But also, protected free speech.
The 10-second video clip was sent anonymously by email Sunday afternoon to the student newspaper, The Oklahoma Daily, and to a campus organization. Within hours, it had the nation’s attention.
University President David Boren — a former governor and U.S. senator — was outraged. He quickly ordered the fraternity house vacated and closed, declaring that “effective immediately, all ties and affiliations between this university and the local SAE chapter are hereby severed.”
A day later, he expelled two students whom he identified as being in “leadership” roles connected to the obnoxious singing. And it’s there where Boren crossed a clear constitutional line.
Condemning the song in the strongest possible way, at multiple occasions: Yes: Exactly the kind of response the First Amendment provides for — more speech to counter speech you don’t like.
Shutting down the frat house: The university’s regents apparently own the building and may evict occupants. The national governing body of SAE, as a private operation, also had the right to end its affiliation and to close down its own local chapter.

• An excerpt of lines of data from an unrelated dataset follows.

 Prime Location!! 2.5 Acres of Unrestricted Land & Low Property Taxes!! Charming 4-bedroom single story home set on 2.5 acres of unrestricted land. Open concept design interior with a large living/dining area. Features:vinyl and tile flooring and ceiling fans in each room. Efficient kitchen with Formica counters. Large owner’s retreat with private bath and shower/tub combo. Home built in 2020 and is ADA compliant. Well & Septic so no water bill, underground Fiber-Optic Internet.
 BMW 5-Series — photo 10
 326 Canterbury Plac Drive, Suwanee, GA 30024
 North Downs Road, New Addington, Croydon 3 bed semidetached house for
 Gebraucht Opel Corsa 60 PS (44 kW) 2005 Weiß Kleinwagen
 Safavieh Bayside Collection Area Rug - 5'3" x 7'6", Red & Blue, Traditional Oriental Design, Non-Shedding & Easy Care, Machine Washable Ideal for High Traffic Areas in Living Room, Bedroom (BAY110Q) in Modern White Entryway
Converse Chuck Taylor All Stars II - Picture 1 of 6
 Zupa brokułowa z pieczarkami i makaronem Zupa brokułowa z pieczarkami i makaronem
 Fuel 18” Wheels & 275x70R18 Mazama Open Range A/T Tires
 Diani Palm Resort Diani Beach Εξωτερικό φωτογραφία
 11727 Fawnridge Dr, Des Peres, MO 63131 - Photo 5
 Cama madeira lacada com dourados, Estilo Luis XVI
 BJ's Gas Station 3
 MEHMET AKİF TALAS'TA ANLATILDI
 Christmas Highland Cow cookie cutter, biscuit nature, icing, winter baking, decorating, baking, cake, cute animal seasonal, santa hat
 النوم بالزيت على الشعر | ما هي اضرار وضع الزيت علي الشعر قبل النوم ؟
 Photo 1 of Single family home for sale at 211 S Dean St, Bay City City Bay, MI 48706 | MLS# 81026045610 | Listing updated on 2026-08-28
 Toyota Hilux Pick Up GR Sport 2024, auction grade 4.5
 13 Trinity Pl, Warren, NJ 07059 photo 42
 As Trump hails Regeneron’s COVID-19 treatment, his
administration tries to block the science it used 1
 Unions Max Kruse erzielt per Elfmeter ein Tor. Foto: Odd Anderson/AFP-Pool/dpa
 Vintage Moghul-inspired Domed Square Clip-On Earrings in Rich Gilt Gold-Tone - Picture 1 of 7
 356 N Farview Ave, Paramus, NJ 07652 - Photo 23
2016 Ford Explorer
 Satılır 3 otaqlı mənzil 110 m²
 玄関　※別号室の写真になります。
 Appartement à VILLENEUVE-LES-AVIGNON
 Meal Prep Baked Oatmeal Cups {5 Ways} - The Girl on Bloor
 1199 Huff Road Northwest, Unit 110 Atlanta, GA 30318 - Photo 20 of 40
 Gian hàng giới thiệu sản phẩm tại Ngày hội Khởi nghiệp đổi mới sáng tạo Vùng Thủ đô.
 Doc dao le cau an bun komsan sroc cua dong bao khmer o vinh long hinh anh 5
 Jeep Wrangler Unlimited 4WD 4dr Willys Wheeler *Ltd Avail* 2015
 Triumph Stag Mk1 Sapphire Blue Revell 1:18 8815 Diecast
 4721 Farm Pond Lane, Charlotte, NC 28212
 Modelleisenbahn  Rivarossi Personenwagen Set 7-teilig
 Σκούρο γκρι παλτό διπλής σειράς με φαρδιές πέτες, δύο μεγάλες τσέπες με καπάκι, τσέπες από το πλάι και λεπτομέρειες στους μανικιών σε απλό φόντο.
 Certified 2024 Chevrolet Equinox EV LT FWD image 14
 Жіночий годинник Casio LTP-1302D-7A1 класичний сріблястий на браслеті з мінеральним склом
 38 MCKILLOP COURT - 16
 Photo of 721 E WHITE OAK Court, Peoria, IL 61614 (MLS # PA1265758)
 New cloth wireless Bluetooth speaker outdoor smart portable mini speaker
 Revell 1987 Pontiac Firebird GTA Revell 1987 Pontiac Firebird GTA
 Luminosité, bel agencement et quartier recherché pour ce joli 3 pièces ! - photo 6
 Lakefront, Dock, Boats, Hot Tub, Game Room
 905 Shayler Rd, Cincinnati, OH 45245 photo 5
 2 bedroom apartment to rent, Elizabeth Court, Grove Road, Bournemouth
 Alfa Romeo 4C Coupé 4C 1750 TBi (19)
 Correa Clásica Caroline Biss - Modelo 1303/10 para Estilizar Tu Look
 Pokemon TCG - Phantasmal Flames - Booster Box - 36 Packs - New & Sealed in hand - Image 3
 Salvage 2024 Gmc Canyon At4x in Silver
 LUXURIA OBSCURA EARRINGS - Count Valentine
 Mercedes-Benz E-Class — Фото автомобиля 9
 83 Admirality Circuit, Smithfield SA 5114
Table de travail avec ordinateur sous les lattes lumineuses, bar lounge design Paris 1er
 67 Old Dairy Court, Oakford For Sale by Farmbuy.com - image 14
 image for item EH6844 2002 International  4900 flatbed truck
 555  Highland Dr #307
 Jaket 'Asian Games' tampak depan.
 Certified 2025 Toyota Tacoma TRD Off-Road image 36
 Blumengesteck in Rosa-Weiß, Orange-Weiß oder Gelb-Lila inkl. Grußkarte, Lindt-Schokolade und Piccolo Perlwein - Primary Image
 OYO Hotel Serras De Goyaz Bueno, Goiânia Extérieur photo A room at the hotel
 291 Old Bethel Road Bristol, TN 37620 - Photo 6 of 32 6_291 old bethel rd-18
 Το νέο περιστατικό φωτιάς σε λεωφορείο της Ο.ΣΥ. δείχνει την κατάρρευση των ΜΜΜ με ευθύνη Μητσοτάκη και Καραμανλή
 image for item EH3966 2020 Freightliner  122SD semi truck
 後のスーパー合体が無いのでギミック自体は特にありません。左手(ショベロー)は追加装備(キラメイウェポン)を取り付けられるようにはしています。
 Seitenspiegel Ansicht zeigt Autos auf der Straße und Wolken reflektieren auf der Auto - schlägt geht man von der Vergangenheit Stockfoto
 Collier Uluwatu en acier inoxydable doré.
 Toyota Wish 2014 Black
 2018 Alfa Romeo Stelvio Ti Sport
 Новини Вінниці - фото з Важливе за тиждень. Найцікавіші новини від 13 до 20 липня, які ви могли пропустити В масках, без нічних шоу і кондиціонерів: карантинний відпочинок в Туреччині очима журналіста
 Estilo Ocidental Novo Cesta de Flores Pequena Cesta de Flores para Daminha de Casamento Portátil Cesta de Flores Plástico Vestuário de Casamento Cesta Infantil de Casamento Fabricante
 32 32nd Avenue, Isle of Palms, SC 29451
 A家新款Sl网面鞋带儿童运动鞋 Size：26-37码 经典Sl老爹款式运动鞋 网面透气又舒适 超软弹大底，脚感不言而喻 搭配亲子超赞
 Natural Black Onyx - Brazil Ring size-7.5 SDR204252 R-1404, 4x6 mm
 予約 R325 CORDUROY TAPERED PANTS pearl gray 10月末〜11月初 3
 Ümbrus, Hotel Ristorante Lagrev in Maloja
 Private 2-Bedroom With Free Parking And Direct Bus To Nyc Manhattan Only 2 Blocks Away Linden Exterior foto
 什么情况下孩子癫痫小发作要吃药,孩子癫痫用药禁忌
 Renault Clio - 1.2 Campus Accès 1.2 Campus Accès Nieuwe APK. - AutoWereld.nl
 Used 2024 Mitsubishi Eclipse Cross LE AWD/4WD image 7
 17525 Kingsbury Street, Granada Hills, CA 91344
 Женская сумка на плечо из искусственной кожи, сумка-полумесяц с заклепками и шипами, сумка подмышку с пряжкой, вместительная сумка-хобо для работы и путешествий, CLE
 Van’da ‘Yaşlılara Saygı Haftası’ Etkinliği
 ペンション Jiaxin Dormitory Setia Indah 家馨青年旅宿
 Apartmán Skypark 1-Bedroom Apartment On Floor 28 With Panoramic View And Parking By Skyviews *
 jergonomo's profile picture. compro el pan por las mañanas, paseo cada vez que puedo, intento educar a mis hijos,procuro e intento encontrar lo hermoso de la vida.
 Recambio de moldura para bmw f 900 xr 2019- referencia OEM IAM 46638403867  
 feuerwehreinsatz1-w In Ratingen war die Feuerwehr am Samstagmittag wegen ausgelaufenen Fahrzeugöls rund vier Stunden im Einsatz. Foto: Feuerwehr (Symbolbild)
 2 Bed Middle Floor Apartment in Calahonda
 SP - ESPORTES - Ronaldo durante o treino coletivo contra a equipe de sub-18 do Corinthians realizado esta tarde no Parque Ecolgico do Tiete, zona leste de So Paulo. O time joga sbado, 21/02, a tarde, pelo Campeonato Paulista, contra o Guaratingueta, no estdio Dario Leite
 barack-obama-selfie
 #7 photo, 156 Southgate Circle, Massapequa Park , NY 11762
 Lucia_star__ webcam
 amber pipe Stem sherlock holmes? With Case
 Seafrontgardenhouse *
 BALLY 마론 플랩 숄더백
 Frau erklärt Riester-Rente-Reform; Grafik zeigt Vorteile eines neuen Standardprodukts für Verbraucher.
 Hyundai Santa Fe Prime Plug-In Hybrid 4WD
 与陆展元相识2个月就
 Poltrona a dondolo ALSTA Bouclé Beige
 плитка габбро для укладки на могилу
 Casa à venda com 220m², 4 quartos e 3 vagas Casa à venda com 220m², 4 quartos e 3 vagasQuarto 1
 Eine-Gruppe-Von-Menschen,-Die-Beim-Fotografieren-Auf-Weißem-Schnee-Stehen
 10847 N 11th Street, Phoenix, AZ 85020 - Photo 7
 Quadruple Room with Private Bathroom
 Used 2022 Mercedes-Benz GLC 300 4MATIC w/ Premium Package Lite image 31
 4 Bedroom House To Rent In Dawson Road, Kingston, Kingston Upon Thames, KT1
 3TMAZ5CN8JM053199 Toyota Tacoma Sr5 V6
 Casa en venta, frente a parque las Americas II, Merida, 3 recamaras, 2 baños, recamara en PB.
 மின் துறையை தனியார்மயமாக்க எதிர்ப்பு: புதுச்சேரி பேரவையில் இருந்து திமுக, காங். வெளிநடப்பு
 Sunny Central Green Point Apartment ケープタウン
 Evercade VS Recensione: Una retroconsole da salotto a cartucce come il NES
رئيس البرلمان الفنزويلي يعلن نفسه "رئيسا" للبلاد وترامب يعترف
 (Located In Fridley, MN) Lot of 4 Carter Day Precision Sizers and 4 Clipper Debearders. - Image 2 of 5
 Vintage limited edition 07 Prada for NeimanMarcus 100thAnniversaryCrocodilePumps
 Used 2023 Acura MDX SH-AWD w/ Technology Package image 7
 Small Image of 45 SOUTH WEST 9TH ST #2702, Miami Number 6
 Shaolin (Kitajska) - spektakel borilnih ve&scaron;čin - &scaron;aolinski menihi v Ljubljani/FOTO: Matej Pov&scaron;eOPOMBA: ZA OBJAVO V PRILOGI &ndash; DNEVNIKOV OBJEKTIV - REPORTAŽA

But a host of cases reaching all the way to the U.S. Supreme Court, some involving similarly repugnant behavior — a fraternity’s “ugly woman” contest, for example — say clearly that content-based punishments of individual speakers will not stand.
Boren said Monday that any punishments would be “carefully directed” to pass constitutional muster and cited his belief the singing students were creating a “hostile learning environment.” But saying it’s so doesn’t make it legal — or right.
Boren and a few scholars have raised the specter of potential civil rights violations or violation of the school’s student code of “rights and responsibilities,” and indirectly embraced the underlying logic of what courts have called “optimum conditions for learning” and a university’s “substantial interest in maintaining an educational environment free of discrimination and racism.”
But even those worthy elements run up against the core First Amendment principle that government may not punish anyone for the content of their speech or for having a view that many — or even most — find offensive.
Put most simply: We have the right to offend others and to freedom from the fear of being punished for expressing such views.
If the expulsions are challenged in court, the university will have the difficult task of proving that this one-time incident constituted a direct or pervasive threat or provocation, substantially affected the ability of OU students to get a good education, and that there were no other, more-narrowly focused actions than expulsion available to counter the negative impact. The student code would fall even more quickly before the First Amendment right of free speech — which cannot be signed away or overridden via a college rulebook.
Clearly, the public excoriation, rallies, marches, closing of the frat house and already announced plans for the university community to conduct meetings and seminars to put more emphasis on diversity, offer such alternative — and longer-lasting — remedies. And all of those are more First Amendment-oriented than expulsion.
But can any real question remain that by expelling them, this public university wasn’t punishing the two students — and potentially more involved in the incident — for the content and viewpoint expressed in that reprehensible “song”?
Let’s not compound one wrong with another.